Sunday, August 14, 2022

‘I hope there is a swing back by the Chinese,’ says Wong Soon Koh

Secara Rawak

SIBU: Bawang Assan BN direct candidate Datuk Seri Wong Soon Koh said Sarawak Chief Minister Tan Sri Adenan Satem’s popularity will help Barisan Nasional win over the Chinese in the 11th state election.

He believes the Chinese community would realise that it was important to be united within BN for greater participation in the government.

“I hope there is a swing back by the Chinese community because right now there is a very unhealthy political trend that they are outside the mainstream of the political arena where Bumiputera is in the government,” he said.

He told reporters this when met at a community gathering in Tanjung Penasu near here Sunday.

Also present were Home Affairs Deputy Minister Datuk Nur Jazlan Mohamed and People’s Volunteer Corps (RELA) director-general Datuk Kamariah Mohd Noah.

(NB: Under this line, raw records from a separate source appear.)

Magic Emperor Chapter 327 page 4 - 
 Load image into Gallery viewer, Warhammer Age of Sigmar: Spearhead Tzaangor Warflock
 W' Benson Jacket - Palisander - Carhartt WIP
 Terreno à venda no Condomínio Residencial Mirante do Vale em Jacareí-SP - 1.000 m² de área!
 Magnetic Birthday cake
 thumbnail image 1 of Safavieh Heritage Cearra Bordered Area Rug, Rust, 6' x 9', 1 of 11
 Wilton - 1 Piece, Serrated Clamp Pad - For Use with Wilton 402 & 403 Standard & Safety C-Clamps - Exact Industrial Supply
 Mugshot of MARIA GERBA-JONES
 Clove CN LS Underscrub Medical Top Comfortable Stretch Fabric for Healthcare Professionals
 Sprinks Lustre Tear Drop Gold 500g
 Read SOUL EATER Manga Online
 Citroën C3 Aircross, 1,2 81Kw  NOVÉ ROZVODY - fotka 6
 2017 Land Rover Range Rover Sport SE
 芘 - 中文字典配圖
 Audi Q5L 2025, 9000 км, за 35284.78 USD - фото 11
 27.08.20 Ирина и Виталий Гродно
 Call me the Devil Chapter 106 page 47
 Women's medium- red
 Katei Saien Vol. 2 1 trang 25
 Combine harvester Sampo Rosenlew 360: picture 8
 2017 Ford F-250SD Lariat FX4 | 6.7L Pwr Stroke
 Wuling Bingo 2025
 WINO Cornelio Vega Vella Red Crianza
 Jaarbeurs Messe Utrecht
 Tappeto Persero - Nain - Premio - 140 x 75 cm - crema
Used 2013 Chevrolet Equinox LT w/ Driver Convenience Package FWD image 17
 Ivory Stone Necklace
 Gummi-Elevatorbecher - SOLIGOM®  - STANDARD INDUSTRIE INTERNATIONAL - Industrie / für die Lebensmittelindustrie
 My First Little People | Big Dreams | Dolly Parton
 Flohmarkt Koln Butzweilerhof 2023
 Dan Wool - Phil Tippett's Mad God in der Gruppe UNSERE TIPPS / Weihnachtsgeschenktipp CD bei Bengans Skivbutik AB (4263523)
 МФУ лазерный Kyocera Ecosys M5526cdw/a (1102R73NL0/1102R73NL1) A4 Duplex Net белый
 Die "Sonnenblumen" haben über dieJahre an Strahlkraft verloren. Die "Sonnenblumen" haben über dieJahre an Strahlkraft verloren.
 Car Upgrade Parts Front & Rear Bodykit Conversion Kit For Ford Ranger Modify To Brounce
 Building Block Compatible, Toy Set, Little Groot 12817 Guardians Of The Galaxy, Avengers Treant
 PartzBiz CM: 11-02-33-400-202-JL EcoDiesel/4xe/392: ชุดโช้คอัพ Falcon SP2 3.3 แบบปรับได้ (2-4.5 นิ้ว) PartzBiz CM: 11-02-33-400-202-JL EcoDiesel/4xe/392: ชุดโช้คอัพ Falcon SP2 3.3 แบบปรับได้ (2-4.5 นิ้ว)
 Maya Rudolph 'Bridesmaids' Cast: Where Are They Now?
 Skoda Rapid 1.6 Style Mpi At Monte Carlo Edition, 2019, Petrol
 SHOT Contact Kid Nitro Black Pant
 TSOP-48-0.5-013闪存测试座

Wong said he was ready to face the polls on Saturday as he had already covered roughly 90 percent of the constituency after only the seventh day of the campaign period.

“I am happy with what I have done so far. One week after the nomination I have covered most of the rural Chinese areas and also most of the 100 longhouses in Bawang Assan,” he said.

Wong is involved in a five-cornered fight for the Bawang Assan seat and his opponents include a former PBB supreme council member Watson Bangau ak Jonathan Renang who is contesting as an Independent.

Also in the fray are Wong Sin Wei from STAR, Chiew Sung Ngie (DAP) and another independent candidate Yeu Bang Keng.

On his opponents’ chances particularly Watson, Wong who is also Sarawak second Finance Minister and Local Government and Community Development Minister, said he would not take the challenge lightly.

“Of course I cannot underestimate the challenge from Watson Bangau. He was a very prominent figure in PBB, he was once the political secretary to the chief minister and came from a very prominent family,” he said.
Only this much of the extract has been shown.